You have to understand
what sitting in a room with strangers
and hearing your child reduced to numbers,
bad numbers,
hopeless numbers,
year after year after year
can do to a parent.

You have to understand
the way we are weaponized
by the endless well-meaning negativity
and that fighting is the only alternative to fear,
hassling to hopelessness,
adversariness to abdication,
strength to weakness.

You have to understand
that we can’t not advocate,
we can’t not react with anger and doubt and suspicion,
we can’t not take it personally,
we can’t not make it our issue,
our identity.

You have to understand
how it follows us home from school--
the defensiveness, the readiness to assume the worst,
the understanding that everything imperfect
is ours to find a fix for.
Mama Bears can’t hibernate.

You have to understand
how habits formed when our children are young,
instincts sharpened, reflexes honed,
live on well past their usefulness.
When we’re long-forgotten by the educators
who said those things that still burn in our brains,
who started those files that consumed our lives,
who made those judgments we still press against,
who set us on our road of second-guessing
every last decision and triumph and certainty,
we remember everything.

You have to understand
how advocacy denies us acceptance,
and appropriate will never seem best
ever, anywhere, even when maybe it is,
who knows?
We will not recognize it.
We will never let our guard down.
We will never quite trust.
We will never really relax.
We will never understand.

Monday, March 06, 2017

Are Your Child's Needs Part of Your School's Emergency Planning?

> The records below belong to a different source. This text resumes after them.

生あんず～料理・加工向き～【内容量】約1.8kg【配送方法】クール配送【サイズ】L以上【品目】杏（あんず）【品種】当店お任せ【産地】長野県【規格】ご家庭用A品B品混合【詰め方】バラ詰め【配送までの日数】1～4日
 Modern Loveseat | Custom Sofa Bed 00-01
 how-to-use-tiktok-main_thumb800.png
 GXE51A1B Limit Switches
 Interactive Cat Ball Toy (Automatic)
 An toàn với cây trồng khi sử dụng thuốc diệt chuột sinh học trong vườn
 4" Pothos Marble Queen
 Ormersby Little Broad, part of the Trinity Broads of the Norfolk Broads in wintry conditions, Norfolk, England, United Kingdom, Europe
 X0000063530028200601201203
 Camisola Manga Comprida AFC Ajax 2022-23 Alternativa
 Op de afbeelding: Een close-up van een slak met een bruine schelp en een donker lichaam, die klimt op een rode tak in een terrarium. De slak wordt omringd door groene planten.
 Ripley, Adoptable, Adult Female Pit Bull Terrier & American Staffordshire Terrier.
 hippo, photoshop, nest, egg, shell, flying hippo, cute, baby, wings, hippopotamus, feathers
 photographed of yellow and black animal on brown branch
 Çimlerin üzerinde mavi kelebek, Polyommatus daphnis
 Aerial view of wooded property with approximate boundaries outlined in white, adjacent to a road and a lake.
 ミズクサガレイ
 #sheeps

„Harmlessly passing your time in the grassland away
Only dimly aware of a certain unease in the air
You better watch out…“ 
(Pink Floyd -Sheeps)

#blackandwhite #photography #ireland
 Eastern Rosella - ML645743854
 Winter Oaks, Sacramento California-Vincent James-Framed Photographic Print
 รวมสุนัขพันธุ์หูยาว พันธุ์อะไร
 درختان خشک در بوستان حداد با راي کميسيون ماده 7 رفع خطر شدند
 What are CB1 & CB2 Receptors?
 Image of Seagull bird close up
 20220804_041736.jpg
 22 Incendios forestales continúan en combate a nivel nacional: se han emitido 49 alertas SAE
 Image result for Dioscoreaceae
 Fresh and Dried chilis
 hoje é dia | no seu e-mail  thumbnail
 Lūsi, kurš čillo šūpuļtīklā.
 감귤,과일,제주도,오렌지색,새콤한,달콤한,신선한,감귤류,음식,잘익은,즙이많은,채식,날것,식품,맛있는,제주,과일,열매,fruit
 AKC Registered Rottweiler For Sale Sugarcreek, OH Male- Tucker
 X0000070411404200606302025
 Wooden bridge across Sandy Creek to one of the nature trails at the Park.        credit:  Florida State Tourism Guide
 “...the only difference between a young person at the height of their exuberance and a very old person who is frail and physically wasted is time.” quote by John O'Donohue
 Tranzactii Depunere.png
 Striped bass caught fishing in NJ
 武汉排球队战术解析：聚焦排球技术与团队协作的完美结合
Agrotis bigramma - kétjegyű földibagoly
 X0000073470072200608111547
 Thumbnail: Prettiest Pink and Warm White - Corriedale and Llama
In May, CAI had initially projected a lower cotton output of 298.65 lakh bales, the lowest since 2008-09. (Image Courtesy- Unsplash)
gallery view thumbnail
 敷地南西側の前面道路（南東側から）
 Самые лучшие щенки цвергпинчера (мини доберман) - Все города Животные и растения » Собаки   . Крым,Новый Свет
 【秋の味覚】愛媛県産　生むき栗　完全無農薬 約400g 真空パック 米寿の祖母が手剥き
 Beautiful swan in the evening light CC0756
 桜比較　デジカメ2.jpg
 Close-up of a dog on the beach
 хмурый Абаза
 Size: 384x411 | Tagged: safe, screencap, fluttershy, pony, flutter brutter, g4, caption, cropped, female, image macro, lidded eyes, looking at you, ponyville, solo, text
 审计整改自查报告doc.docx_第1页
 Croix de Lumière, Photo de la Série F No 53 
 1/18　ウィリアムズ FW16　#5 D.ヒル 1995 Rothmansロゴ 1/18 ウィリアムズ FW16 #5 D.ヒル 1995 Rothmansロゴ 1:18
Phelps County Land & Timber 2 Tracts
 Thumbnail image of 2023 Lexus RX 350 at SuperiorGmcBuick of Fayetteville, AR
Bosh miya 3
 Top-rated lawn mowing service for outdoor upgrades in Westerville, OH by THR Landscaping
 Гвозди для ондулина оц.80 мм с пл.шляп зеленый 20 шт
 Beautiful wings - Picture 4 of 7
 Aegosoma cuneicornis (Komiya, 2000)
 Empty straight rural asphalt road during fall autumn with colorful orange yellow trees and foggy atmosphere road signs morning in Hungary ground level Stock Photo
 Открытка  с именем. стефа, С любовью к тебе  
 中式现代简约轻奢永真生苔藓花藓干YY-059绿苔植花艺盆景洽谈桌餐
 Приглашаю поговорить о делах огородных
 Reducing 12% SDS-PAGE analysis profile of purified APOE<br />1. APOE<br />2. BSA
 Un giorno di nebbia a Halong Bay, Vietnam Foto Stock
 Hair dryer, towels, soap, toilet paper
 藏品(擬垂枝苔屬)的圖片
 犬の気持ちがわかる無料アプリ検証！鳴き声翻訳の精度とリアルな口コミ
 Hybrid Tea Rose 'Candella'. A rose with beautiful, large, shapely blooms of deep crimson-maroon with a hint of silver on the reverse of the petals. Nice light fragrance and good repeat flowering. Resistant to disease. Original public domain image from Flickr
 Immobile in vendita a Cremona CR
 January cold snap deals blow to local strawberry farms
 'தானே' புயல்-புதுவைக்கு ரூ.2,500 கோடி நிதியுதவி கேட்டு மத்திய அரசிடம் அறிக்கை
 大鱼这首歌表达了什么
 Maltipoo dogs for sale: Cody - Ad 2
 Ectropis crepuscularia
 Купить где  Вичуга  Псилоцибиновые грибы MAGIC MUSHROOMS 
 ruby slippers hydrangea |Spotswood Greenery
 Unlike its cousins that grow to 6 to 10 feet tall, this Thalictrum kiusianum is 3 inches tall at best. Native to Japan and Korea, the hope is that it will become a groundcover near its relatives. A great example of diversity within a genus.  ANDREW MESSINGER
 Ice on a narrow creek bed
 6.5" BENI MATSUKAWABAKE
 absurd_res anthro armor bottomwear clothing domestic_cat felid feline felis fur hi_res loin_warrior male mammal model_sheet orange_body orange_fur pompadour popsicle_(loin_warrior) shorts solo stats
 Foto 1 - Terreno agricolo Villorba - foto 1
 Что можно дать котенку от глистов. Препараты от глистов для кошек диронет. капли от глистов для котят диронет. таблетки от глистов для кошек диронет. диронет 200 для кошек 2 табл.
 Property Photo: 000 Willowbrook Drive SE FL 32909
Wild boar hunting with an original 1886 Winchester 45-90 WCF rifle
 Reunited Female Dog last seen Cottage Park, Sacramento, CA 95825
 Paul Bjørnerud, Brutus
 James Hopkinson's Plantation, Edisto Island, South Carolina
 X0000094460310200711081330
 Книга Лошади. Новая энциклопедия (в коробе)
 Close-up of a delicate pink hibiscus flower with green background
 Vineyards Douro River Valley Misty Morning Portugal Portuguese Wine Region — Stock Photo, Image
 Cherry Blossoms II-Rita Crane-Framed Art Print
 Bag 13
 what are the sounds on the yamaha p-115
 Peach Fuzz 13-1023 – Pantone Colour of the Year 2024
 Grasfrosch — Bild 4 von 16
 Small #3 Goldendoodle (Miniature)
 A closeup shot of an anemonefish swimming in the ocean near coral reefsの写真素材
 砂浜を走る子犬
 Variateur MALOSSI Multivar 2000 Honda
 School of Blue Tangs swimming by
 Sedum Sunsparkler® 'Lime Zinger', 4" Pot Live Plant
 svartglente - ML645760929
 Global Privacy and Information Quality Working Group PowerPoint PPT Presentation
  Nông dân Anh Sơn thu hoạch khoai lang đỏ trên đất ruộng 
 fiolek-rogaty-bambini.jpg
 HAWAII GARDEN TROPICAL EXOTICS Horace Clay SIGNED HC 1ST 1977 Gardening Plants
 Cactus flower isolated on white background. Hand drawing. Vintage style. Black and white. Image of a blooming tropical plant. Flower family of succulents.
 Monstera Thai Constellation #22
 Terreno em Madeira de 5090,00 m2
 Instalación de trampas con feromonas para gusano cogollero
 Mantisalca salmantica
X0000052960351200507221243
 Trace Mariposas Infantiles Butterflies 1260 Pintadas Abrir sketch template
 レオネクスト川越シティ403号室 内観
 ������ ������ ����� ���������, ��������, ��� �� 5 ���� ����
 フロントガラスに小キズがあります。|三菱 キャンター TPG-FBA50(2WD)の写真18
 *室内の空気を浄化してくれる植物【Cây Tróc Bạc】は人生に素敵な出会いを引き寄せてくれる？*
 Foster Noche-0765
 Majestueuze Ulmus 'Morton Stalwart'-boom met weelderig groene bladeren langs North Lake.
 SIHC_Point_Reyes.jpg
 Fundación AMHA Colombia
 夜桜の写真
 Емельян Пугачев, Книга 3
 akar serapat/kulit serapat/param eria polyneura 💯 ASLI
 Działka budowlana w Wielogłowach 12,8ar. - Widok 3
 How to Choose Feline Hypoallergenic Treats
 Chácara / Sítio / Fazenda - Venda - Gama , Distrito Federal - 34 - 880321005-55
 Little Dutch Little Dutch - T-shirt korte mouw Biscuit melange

Back when my son was in school, and after lockdown drills became a thing, I remember getting notes complaining that he was not behaving with appropriate quiet stillness and asking that I talk to him about the seriousness of the drill and the need for everyone to practice laying low and praying not to get shot. And I appreciate the stressful situation school personnel are in. I'm sure they're freaked out by the implications of lockdown drills themselves. A kid talking and making noise and moving around and being disruptive could be a life-and-death issue. I get it.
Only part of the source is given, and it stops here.